Glossar

Fachbegriffe von A–Z

A

  • > Äußere Differenzierung

    Äußere Differenzierung bedeutet, dass Schüler/innen nach bestimmten Kriterien - wie Alter, Leistungsniveau, Interessen - in Gruppen aufgeteilt unterrichtet werden.

  • > Akademie

    Format der außerschulischen Begabungsförderung, das in den Ferien oder außerhalb des Unterrichts angeboten wird.

  • > Ausbildung von Lehrkräften

    Im Zuge der Umstellung auf Bachelor- und Masterstudiengänge sind neue Konzepte der Lehrerausbildung eingeführt worden, die einen engeren Praxis-, aber auch Forschungsbezug herstellen.

  • > Akzeleration

    Beschleunigtes Lernen, das bedeutet schnellere Bewältigung des Lernstoffs, etwa durch vorzeitige Einschulung, Überspringen von Klassen, Teilunterricht in höheren Klassen.

  • > Asynchrone Entwicklung

    Die Entwicklung eines Kindes auf intellektueller Ebene verläuft nicht zeitgleich mit seiner Entwicklung auf der körperlich-emotionalen Ebene.

B

  • > Begabung

    Wer eine Begabung oder ein Talent hat, verfügt über besondere Fähigkeiten auf einem Gebiet. Eine Begabung kann zu außergewöhnlicher Leistung weiterentwickelt werden.

  • > Begabungsförderung, außerschulisch

    Wettbewerbe, Akademien, Schülerlabore, Feriencamps und Schüler-Unis konfrontieren Schülerinnen und Schüler mit neuen Herausforderungen und wecken Motivation.

  • > Begabungsförderung, schulisch

    Individuelle Förderung jedes Schülers und jeder Schülerin wird als eine Kernaufgabe des Unterrichts gesehen. Beschleunigtes Lernen (Akzeleration) und Vertieftes Lernen (Enrichment) sind zwei Modelle, die in der schulischen Förderung eine große Rolle spielen.

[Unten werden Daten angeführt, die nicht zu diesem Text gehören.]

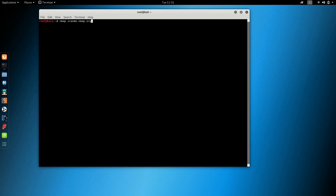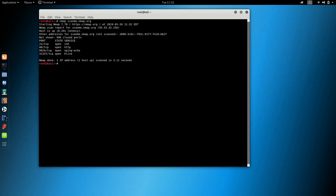scan.nmap.org — scan your website. If you are using www.nmap.org, this loads the website. Have you already created an account on this website? Basically, if you are using the option, you can see the option to select silent scan.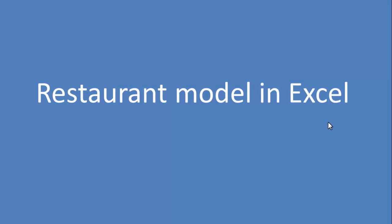Restaurant model in Excel. It is very important to at some point transfer your ideas about your concept into Excel and see whether it actually makes economical sense or under what conditions it would make sense. Therefore we're going to be talking about how to translate it into Excel.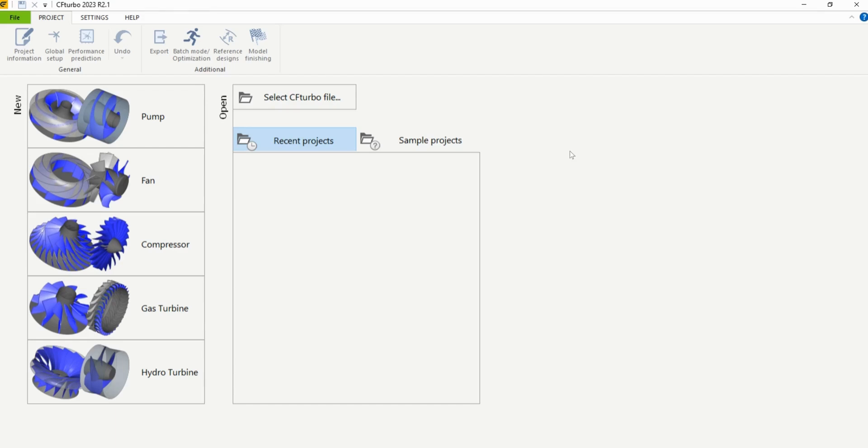Hello everyone. Today on Sierra Turbo Weekly we are going to be designing a centrifugal pump propeller with hub and shroud solids and a secondary flow path.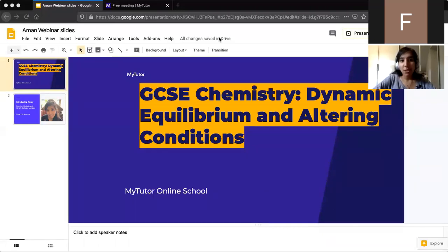Hi everyone, thank you for joining us today for the last session of the day. I'm Amin, the GCSE chemistry tutor. If you've been here before, we've done lots of sessions already. Today we'll be covering dynamic equilibrium and altering conditions. If you've been with me this week, you know we've been looking at rates of reaction and collision theory, and yesterday we started looking at dynamic equilibrium.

  • > Begabungsförderung, Bundesländer

    Jedes Bundesland hat Besonderheiten und Schwerpunkte in der Begabungsförderung. Orientierung geben die LänderSpecials.

  • > Bestimmungen Bundesländer

    Die Regelungen, etwa ob Kinder früher eingeschult werden können, oder ob die Möglichkeit zum Überspringen von Klassen besteht, sind von Bundesland zu Bundesland verschieden.

  • > Beratung(sstellen)

    Beratungsstellen bieten unterschiedliche Formen der Unterstützung an. Um Talente zu fördern, ist Wissen und Orientierung nötig. Vom Elternnetzwerk zur psychologischen Beratungsstelle gibt es zahlreiche Anlaufstellen.

  • > Bildungsserver Länder

    Informationen darüber, wie die Begabungsförderung in den Bundesländern organisiert ist, erhalten Sie über die LänderSPECIALS des Begabungslotsen oder über die Bildungsserver der einzelnen Länder.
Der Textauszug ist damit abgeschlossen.